Tesla now faces transitioning from a low-volume high-margin manufacturer to a
high-volume low-margin manufacturer. That's hard. HP, IBM, and Xerox tried
that, and didn't do too well; all eventually exited the low end and downsized.
Even Intel is exiting the low end; they're giving up on the tablet and phone
market, as a YC article pointed out a few days ago.

Tesla is trying for good, fast, and cheap at the same time. Tesla's track
record is that they can do "good", but late and at a high price. (Space-X has
"good" and "cheap", but is about two years behind announced schedules. Their
competition is even slower, so that's OK.)

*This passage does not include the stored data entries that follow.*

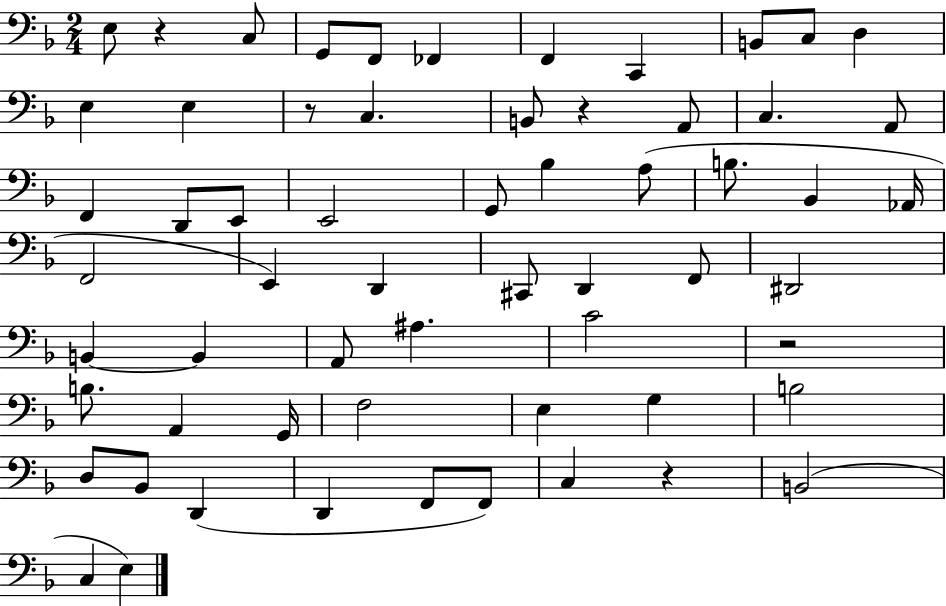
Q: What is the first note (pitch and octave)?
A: E3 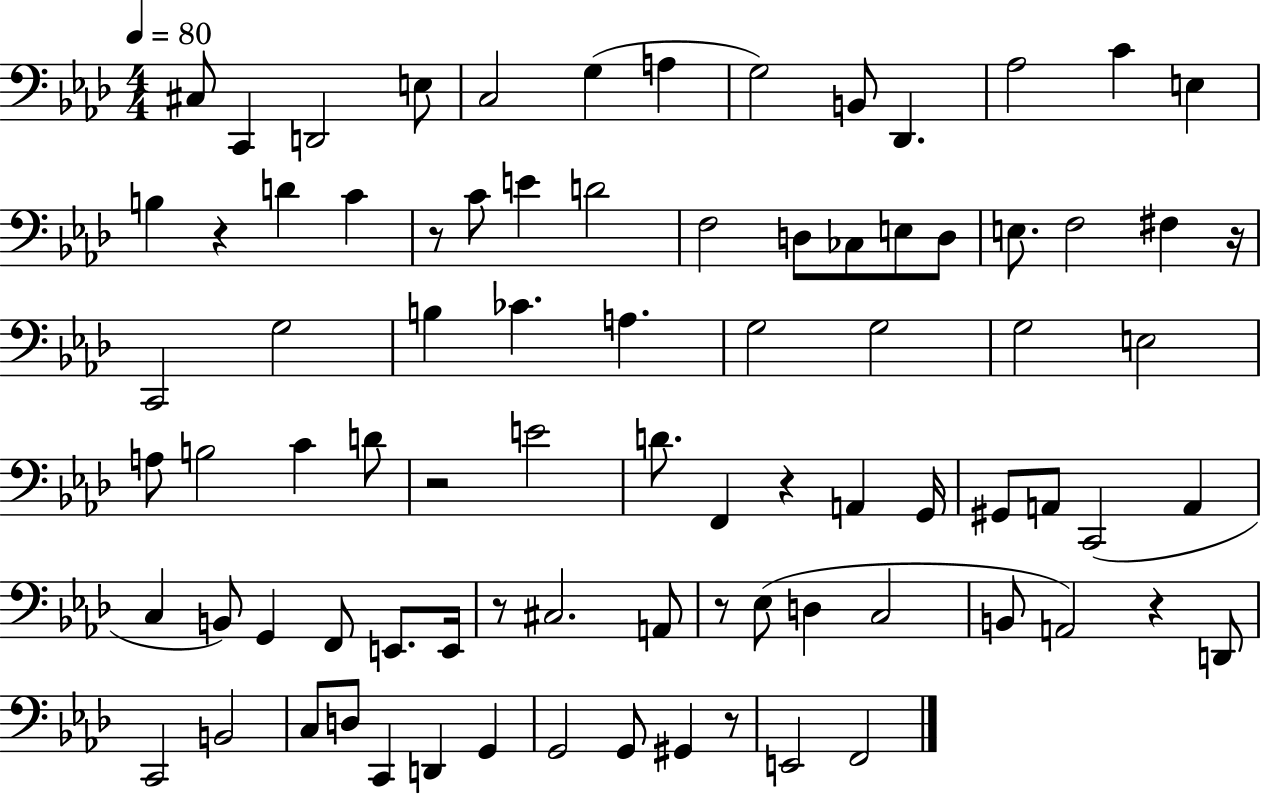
{
  \clef bass
  \numericTimeSignature
  \time 4/4
  \key aes \major
  \tempo 4 = 80
  cis8 c,4 d,2 e8 | c2 g4( a4 | g2) b,8 des,4. | aes2 c'4 e4 | \break b4 r4 d'4 c'4 | r8 c'8 e'4 d'2 | f2 d8 ces8 e8 d8 | e8. f2 fis4 r16 | \break c,2 g2 | b4 ces'4. a4. | g2 g2 | g2 e2 | \break a8 b2 c'4 d'8 | r2 e'2 | d'8. f,4 r4 a,4 g,16 | gis,8 a,8 c,2( a,4 | \break c4 b,8) g,4 f,8 e,8. e,16 | r8 cis2. a,8 | r8 ees8( d4 c2 | b,8 a,2) r4 d,8 | \break c,2 b,2 | c8 d8 c,4 d,4 g,4 | g,2 g,8 gis,4 r8 | e,2 f,2 | \break \bar "|."
} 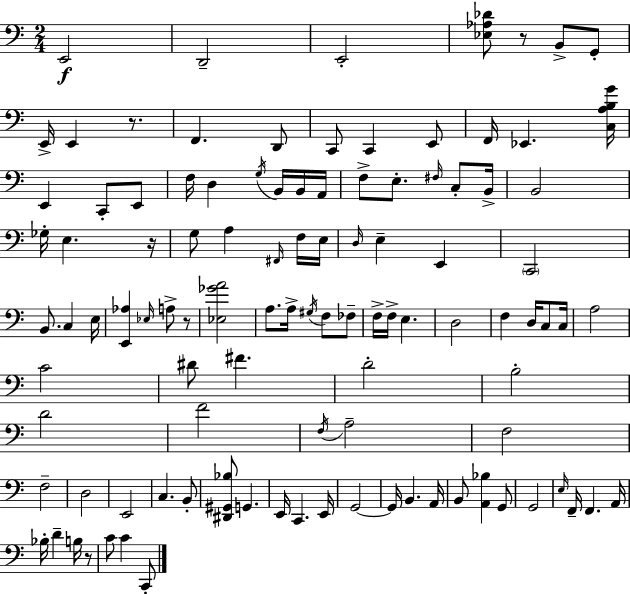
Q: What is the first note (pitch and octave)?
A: E2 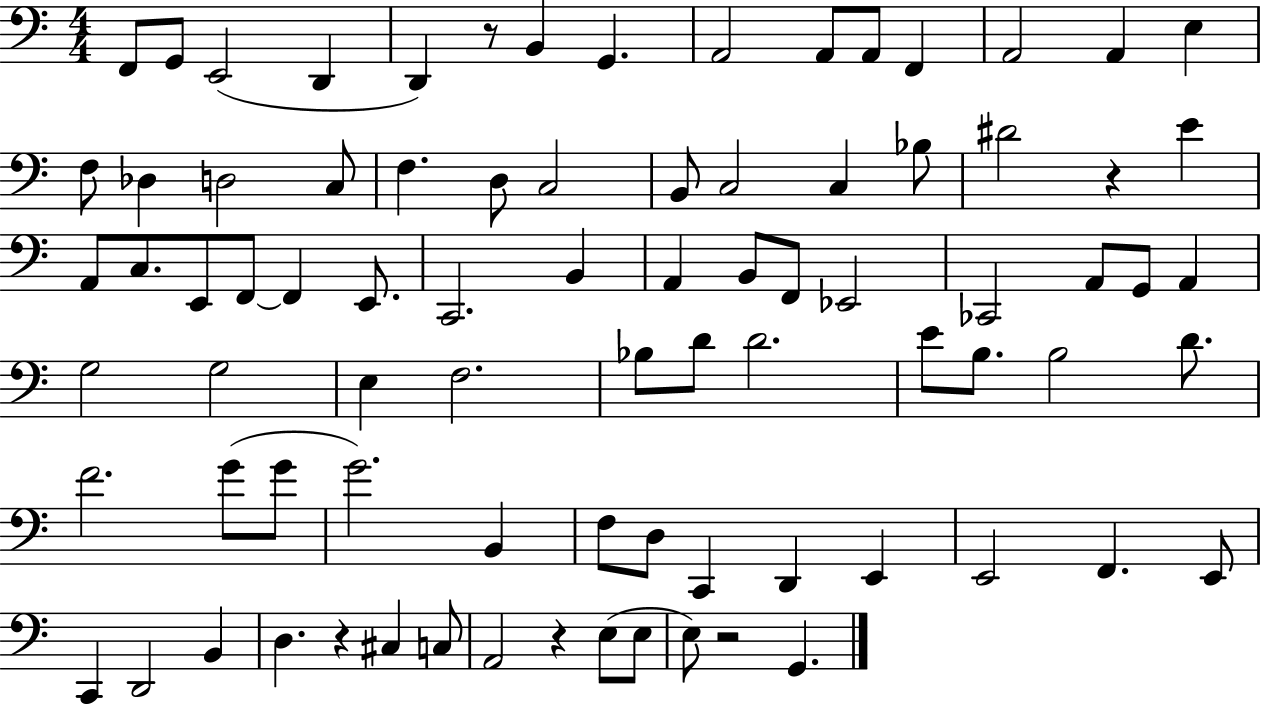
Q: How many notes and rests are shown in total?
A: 83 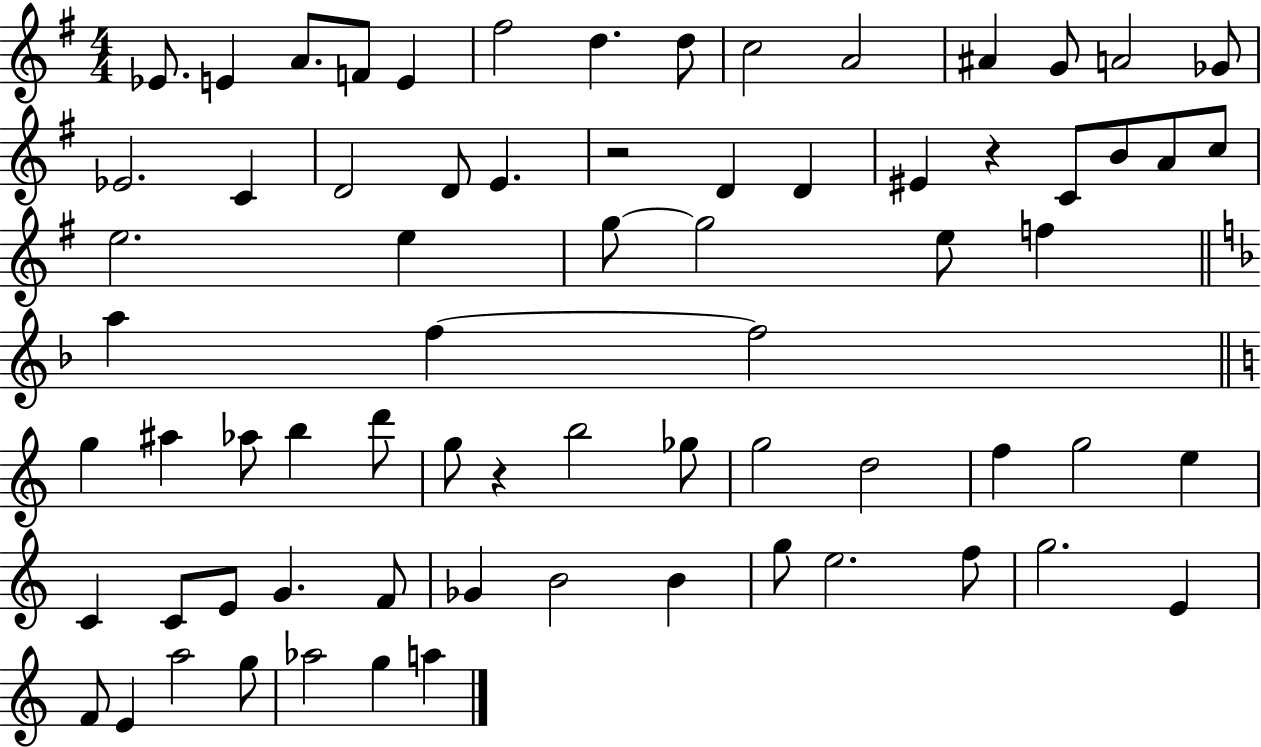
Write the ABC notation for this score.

X:1
T:Untitled
M:4/4
L:1/4
K:G
_E/2 E A/2 F/2 E ^f2 d d/2 c2 A2 ^A G/2 A2 _G/2 _E2 C D2 D/2 E z2 D D ^E z C/2 B/2 A/2 c/2 e2 e g/2 g2 e/2 f a f f2 g ^a _a/2 b d'/2 g/2 z b2 _g/2 g2 d2 f g2 e C C/2 E/2 G F/2 _G B2 B g/2 e2 f/2 g2 E F/2 E a2 g/2 _a2 g a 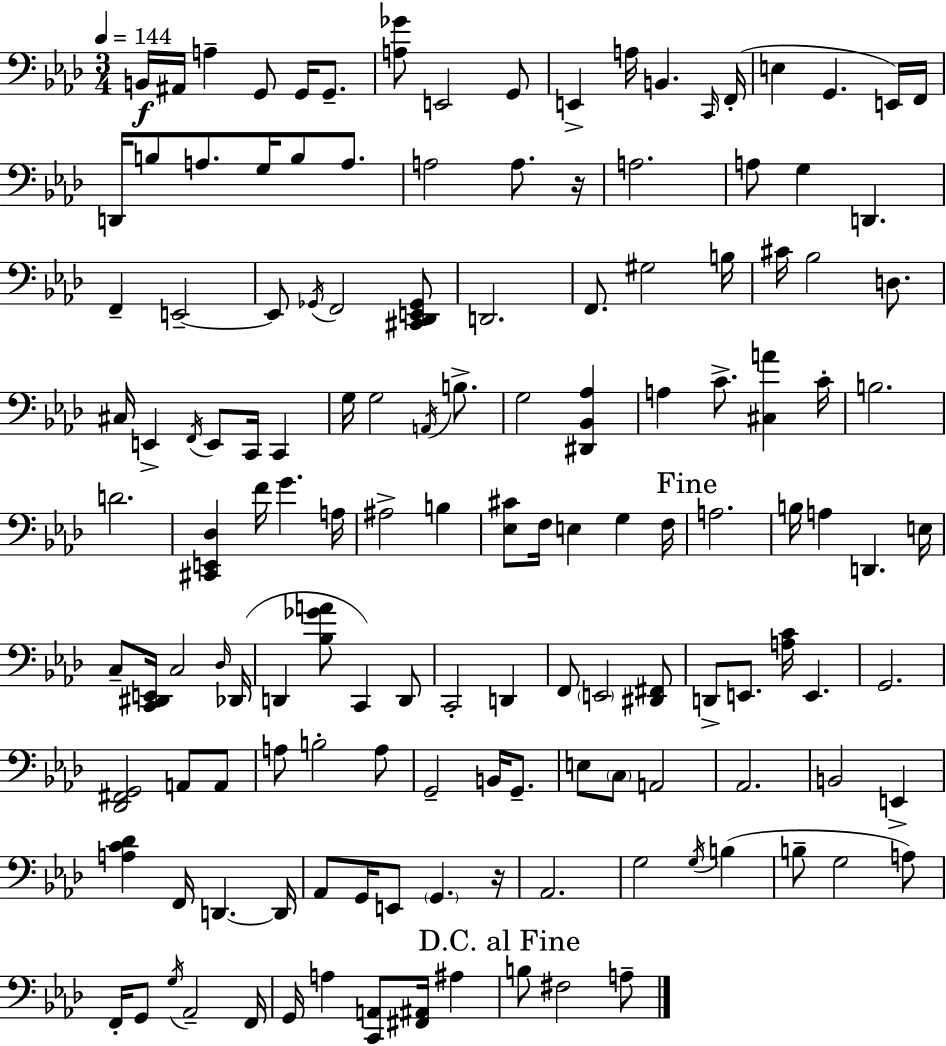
{
  \clef bass
  \numericTimeSignature
  \time 3/4
  \key aes \major
  \tempo 4 = 144
  b,16\f ais,16 a4-- g,8 g,16 g,8.-- | <a ges'>8 e,2 g,8 | e,4-> a16 b,4. \grace { c,16 }( | f,16-. e4 g,4. e,16) | \break f,16 d,16 b8 a8. g16 b8 a8. | a2 a8. | r16 a2. | a8 g4 d,4. | \break f,4-- e,2--~~ | e,8 \acciaccatura { ges,16 } f,2 | <cis, des, e, ges,>8 d,2. | f,8. gis2 | \break b16 cis'16 bes2 d8. | cis16 e,4-> \acciaccatura { f,16 } e,8 c,16 c,4 | g16 g2 | \acciaccatura { a,16 } b8.-> g2 | \break <dis, bes, aes>4 a4 c'8.-> <cis a'>4 | c'16-. b2. | d'2. | <cis, e, des>4 f'16 g'4. | \break a16 ais2-> | b4 <ees cis'>8 f16 e4 g4 | f16 \mark "Fine" a2. | b16 a4 d,4. | \break e16 c8-- <c, dis, e,>16 c2 | \grace { des16 }( des,16 d,4 <bes ges' a'>8 c,4) | d,8 c,2-. | d,4 f,8 \parenthesize e,2 | \break <dis, fis,>8 d,8-> e,8. <a c'>16 e,4. | g,2. | <des, fis, g,>2 | a,8 a,8 a8 b2-. | \break a8 g,2-- | b,16 g,8.-- e8 \parenthesize c8 a,2 | aes,2. | b,2 | \break e,4-> <a c' des'>4 f,16 d,4.~~ | d,16 aes,8 g,16 e,8 \parenthesize g,4. | r16 aes,2. | g2 | \break \acciaccatura { g16 }( b4 b8-- g2 | a8) f,16-. g,8 \acciaccatura { g16 } aes,2-- | f,16 g,16 a4 | <c, a,>8 <fis, ais,>16 ais4 \mark "D.C. al Fine" b8 fis2 | \break a8-- \bar "|."
} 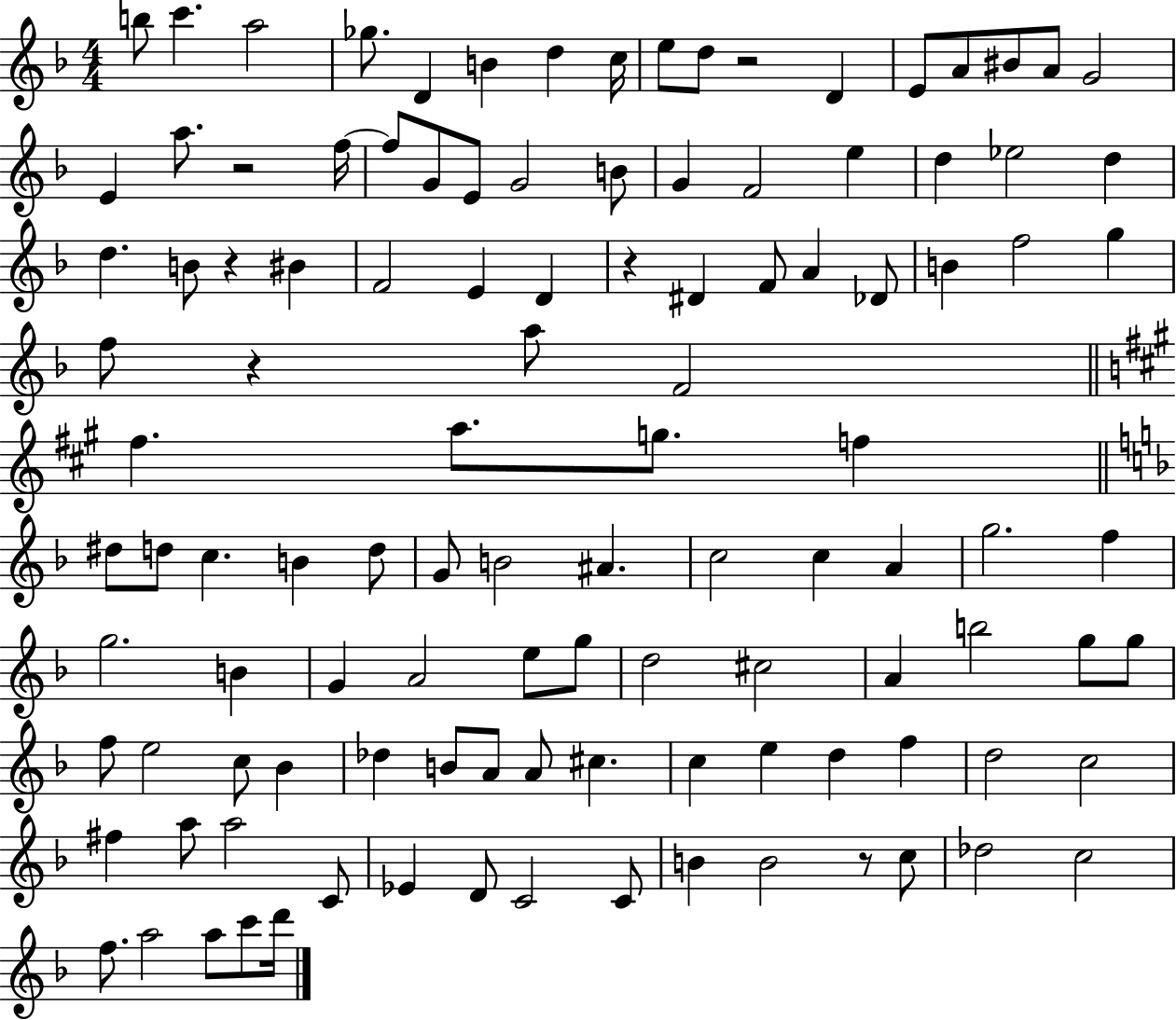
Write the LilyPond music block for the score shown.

{
  \clef treble
  \numericTimeSignature
  \time 4/4
  \key f \major
  \repeat volta 2 { b''8 c'''4. a''2 | ges''8. d'4 b'4 d''4 c''16 | e''8 d''8 r2 d'4 | e'8 a'8 bis'8 a'8 g'2 | \break e'4 a''8. r2 f''16~~ | f''8 g'8 e'8 g'2 b'8 | g'4 f'2 e''4 | d''4 ees''2 d''4 | \break d''4. b'8 r4 bis'4 | f'2 e'4 d'4 | r4 dis'4 f'8 a'4 des'8 | b'4 f''2 g''4 | \break f''8 r4 a''8 f'2 | \bar "||" \break \key a \major fis''4. a''8. g''8. f''4 | \bar "||" \break \key f \major dis''8 d''8 c''4. b'4 d''8 | g'8 b'2 ais'4. | c''2 c''4 a'4 | g''2. f''4 | \break g''2. b'4 | g'4 a'2 e''8 g''8 | d''2 cis''2 | a'4 b''2 g''8 g''8 | \break f''8 e''2 c''8 bes'4 | des''4 b'8 a'8 a'8 cis''4. | c''4 e''4 d''4 f''4 | d''2 c''2 | \break fis''4 a''8 a''2 c'8 | ees'4 d'8 c'2 c'8 | b'4 b'2 r8 c''8 | des''2 c''2 | \break f''8. a''2 a''8 c'''8 d'''16 | } \bar "|."
} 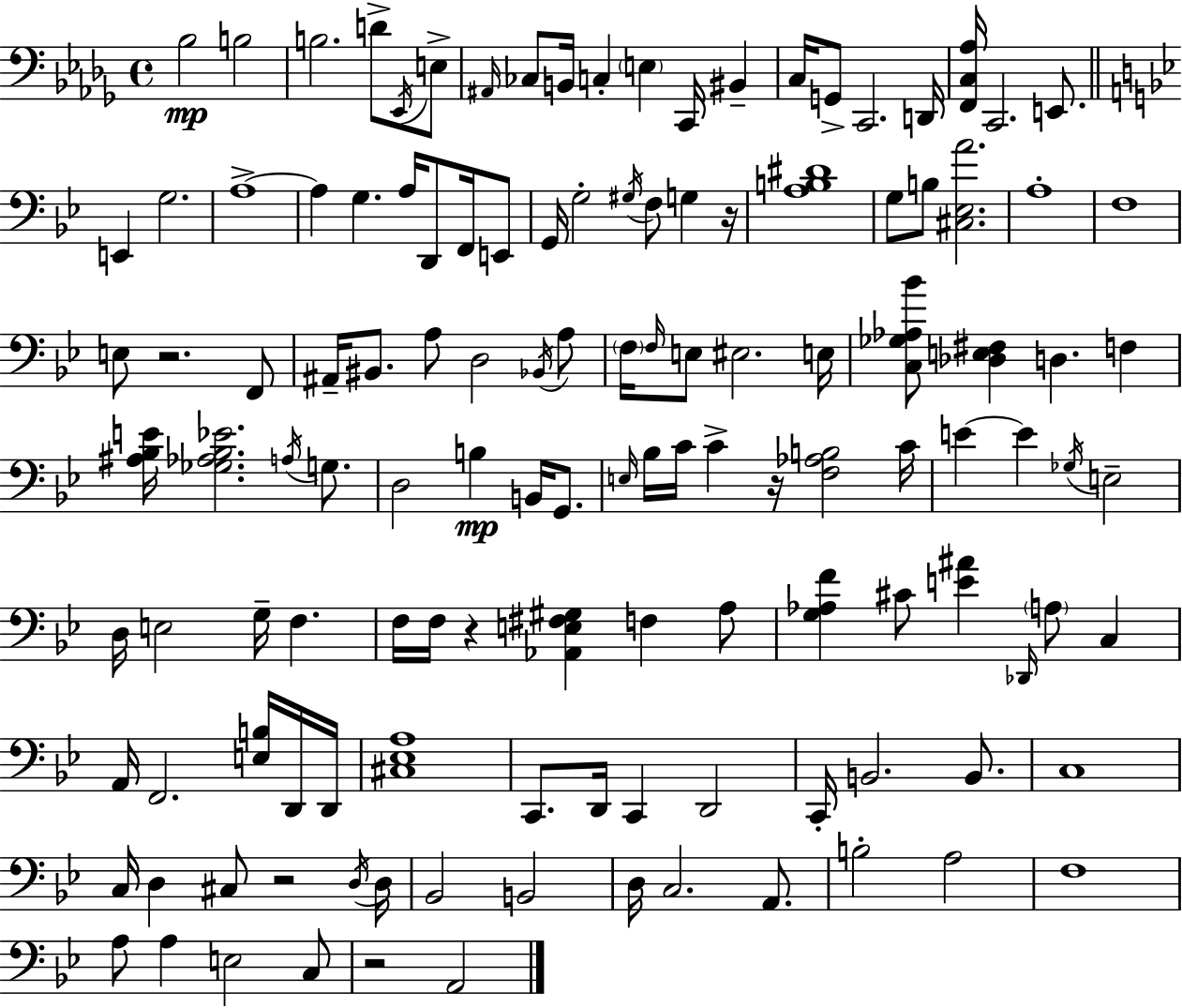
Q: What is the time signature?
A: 4/4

Tesla looks like they're doing a good job of manufacturing, but their Fremont
plant has 3,000 employees for 50,000 cars a year. That's 125 labor hours per
car. They can't make a $35K price point with that. The big manufacturers are
in the 15-30 hour range.[1] That's the big problem. Tesla needs to learn how
to reach Toyota levels of production efficiency, and they have a long way to
go.

Making 500,000 cars a year isn't in itself an obstacle. The Mercedes A-class
production line cycles every 40 seconds. That's 720 cars per shift. If that
line ran 2 8-hour shifts (you need a shift for maintenance) and 7 days a week,
it could build over 500,000 cars in a year. That's just one production line.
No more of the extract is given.